Like Hindus and Christians, the Pakistani Sikhs, Zoroastrians, Jews and Jains have also decreased in number over the decades. At the time of independence, there lived the fourth largest Zoroastrian (Parsi) community of the Indian Subcontinent in the city of Karachi. This community played an exceptional role in Pakistan’s development but their number has steadily decreased due to Islamization in the country. Similarly, a small but vibrant community of Jews lived in Karachi but it decreased especially after Arab-Israeli wars. Today, like the Jews, the Jains are also non-existent in Pakistan. Several names like Dhalla (now given Islamic name as Liaquatabad) and Bhabra in Lahore remind Jains’ presence before partition but hardly a Pakistani knows this fact. There are several Jain temples here in Pakistan but these deserted religious places are mistaken for Hindu temples. For example, the Jain Mandir (Jain Temple) in Lahore was demolished by angry Muslim mobs in 1992 after the Hindus demolished Babri Masjid in Ayodhya, India. The intersection next to this demolished Jain temple was named as Babri Chowk (or Babri Cross) after the temple was demolished.

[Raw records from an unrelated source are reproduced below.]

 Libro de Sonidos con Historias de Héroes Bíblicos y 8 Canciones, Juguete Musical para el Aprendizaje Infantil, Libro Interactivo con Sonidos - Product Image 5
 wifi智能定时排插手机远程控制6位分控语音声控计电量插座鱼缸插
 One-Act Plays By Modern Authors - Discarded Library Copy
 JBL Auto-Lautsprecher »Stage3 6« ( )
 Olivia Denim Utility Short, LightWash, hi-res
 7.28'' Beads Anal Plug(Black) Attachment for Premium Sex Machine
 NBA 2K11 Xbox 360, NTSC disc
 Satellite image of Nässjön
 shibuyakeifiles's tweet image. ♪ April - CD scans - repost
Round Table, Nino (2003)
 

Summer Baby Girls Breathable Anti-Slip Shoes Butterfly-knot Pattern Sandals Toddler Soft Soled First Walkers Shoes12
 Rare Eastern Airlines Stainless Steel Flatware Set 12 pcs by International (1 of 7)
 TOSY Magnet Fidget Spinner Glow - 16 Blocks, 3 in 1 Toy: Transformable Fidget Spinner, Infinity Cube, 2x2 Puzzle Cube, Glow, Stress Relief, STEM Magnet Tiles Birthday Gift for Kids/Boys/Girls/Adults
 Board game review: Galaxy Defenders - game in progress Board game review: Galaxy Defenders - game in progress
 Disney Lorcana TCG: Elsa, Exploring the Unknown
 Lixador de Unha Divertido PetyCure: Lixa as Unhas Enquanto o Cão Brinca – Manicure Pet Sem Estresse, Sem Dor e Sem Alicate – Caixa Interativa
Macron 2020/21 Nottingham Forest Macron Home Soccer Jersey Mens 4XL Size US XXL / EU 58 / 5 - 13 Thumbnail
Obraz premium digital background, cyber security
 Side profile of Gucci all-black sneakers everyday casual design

Although the religious minorities are fleeing the country, it would be inappropriate to say that only they are the ones who are leaving. In 2010 Pakistan was the 8th largest asylum seeker in industrialized countries. There was 66 percent increase with more than 18000 Pakistani asylum seekers in 2011 and “Pakistan jumped from eighth to fifth place in the list of countries of origin for asylum seekers”. Obviously, religious minorities make a very small percentage of these asylum seekers. There are about 2.2 million Pakistanis living in Europe and most of them are Muslims. In Germany the majority of Pakistanis are Ahmaddiyya. Hence, it would be inaccurate that this is only the religious minorities who are fleeing. It would be more appropriate to say that all insecure sections of society are evacuating the country. The poor Pakistani Hindus and Christians are far behind in this struggle due to lack of resources. 

Pakistan needs to revisit its policies that are causing economic meltdown and increasing instability and insecurity. Flight of religious minorities should be used only as a yardstick but not for witch-hunt if Pakistan is serious to bringing a phenomenal change in its social and political landscape and making it congenial for their living. Religious minorities are fleeing the country because the founding father Mr. Muhammad Ali Jinnah’s words have long been ignored. “No civilised government can be run successfully without giving minorities a complete sense of security and confidence. They must be made to feel that they have a hand in government and to this end must have adequate representation in it. Pakistan will give it”, he told to Associated Press of America on November 8, 1946 when Pakistan had yet to come into existence. If the President of Pakistan, the Interior Ministry and provincial governments really mean to address grievances of religious minorities then they must pay heed to the Pakistan which Mr. Jinnah envisioned for minorities.